Jehan Mérichon, pendant sa première mairie, de 1419 à 1426, y fit déposer le livre, dans lequel il avait fait établir la liste des maires qui l’avaient précédé, en accompagnant cette nomenclature du récit des événements importants, arrivés au cours de leur magistrature. A partir de cette époque, cet édifice fut spécialement consacré à la conservation des actes administratifs de la ville.
Cette construction massive, presque sans ouvertures, devait être, à l’intérieur, trop obscure pour être appropriée à recevoir des titres qu’on devait consulter. Aussi, fût-on obligé de pratiquer, au travers de cette épaisse muraille (en 1491, dit Colin), une large baie, avec balcon de pierre. C’est dans cette pièce, ainsi aménagée, que se trouvaient les archives de la commune, tandis que celles de l’Eglise réformée étaient classées au second étage. Ces documents représentaient le précieux dépôt que les Rochelais appelaient à juste titre: le Trésor de la Ville. C’est là qu’étaient religieusement conservés, dans des cassettes de bois bien closes, cotés par lettres alphabétiques: les registres du corps de ville, les titres constituant les privilèges octroyés par nos rois et le duc de Guyenne, les papiers et comptes des trésoriers. et receveurs des hospices, les registres des conseils et résolutions de la ville, véritables reliques, où se trouvait consignée toute la glorieuse histoire de la cité. On y fit également le dépôt de la confession de foi adoptée par le synode national des protestants réuni à La Rochelle, le 2 avril 1571, dans lequel la doctrine et la discipline de la religion nouvelle furent nettement déterminées.

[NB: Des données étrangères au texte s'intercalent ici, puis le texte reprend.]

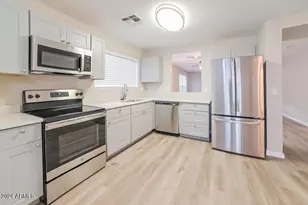 7929 W Caron Dr, Peoria, AZ 85345 - Photo 8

CARTOUCHE DE LA TOUR DE MOUREILLES
Après la reddition de la ville, en 1628, ordre fut donné, de par le roi: que tous les titres de la commune de La Rochelle seraient envoyés à la Cour des Comptes; ces archives étaient considérables, et ce fut seulement trois ans plus tard qu’il en fut fait huit grands ballots que l’on dut expédier à Paris; et cent ans après, en 1737, tous ces documents d’une valeur inestimable, devinrent la proie des flammes.

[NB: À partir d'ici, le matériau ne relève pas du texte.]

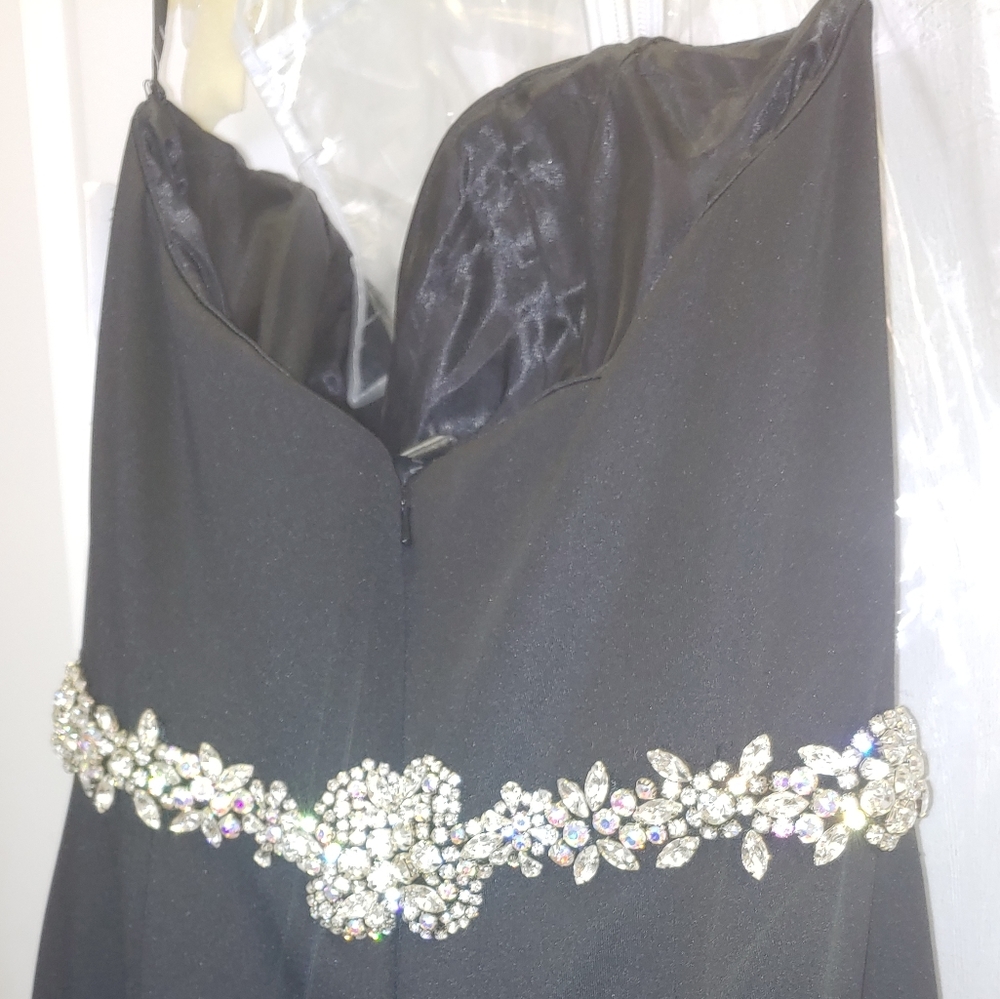 Jovani black fit and flair size 8 - Picture 5 of 8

Il semble, cependant, que ces parchemins n’étaient pas plus en sûreté, dans la tour de Moureilles qu’à la Cour des Comptes. Une maison voisine, toute remplie de cordages goudronnés, prit feu le 2 septembre 1632; la flamme enveloppa la tour et embrasa la charpente qui fut entièrement consumée; les dégâts intérieurs ne furent pas moins importants. Le même jour, le vieil édifice avait été concédé aux Récolets, pour servir de clocher à leur église. Après sa mise en état, Louis XIV, en 1690, le racheta des Récolets pour en faire un magasin à poudre.
TOUR DE MOUREILLES
Avec cette nouvelle destination, les craintes d’incendie devenaient plus redoutables que jamais. Cependant, la tour de Moureilles fut épargnée par le feu, dans la nuit du 11 au 12 mars 1705. Un incendie d’une extrême violence se déclara dans les servitudes du couvent des Récolets, atteignit leur nouveau clocher et fondit les cloches. On dût craindre une formidable explosion qui, heureusement, ne se produisit pas.

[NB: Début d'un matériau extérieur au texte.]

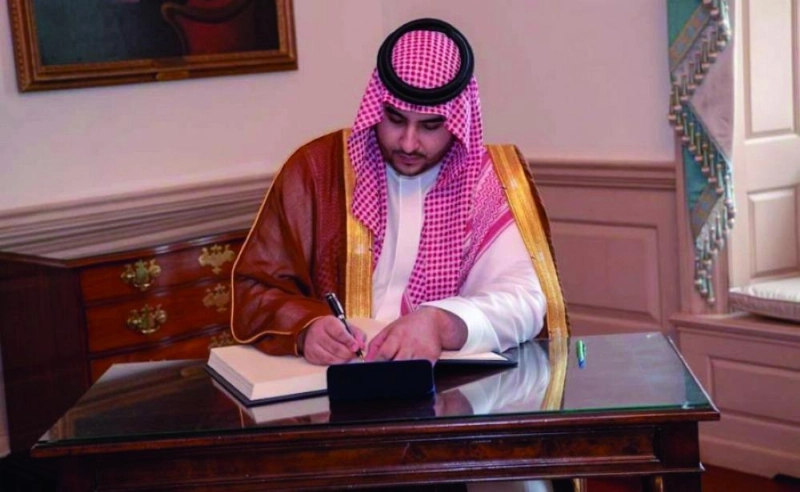 .. ويدون كلمة في سجل الزيارات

Sans qu’il y ait rien de précis à cet égard, il y a tout lieu de penser que la tour de Moureilles, n’ayant plus d’utilité, dût être démolie quand on construisit l’arsenal en 1786. On peut, à juste titre, déplorer la disparition de ce monument d’un autre âge, dont le souvenir se rattachait si étroitement à l’histoire de la ville, lorsqu’on voit la banale construction édifiée à sa place. Les derniers soubassements, retrouvés il y a quelques années, permettent d’affirmer que cette tour s’élevait prés du canal Maubec, entre le couvent des Dames-Blanches et l’arsenal.
Telles étaient les constructions importantes qui complétaient l’ensemble des murailles de la ville, en y comprenant tout le front sud, battu par la mer, depuis la porte Saint-Nicolas jusqu’à la tour de la Lanterne.
XXX
La Tour de Moureilles
Et le Canal Maubee
Nous nous réservons de parler plus loin des tours de l’entrée du port qui, par leur importance, méritent d’être traitées dans un chapitre spécial.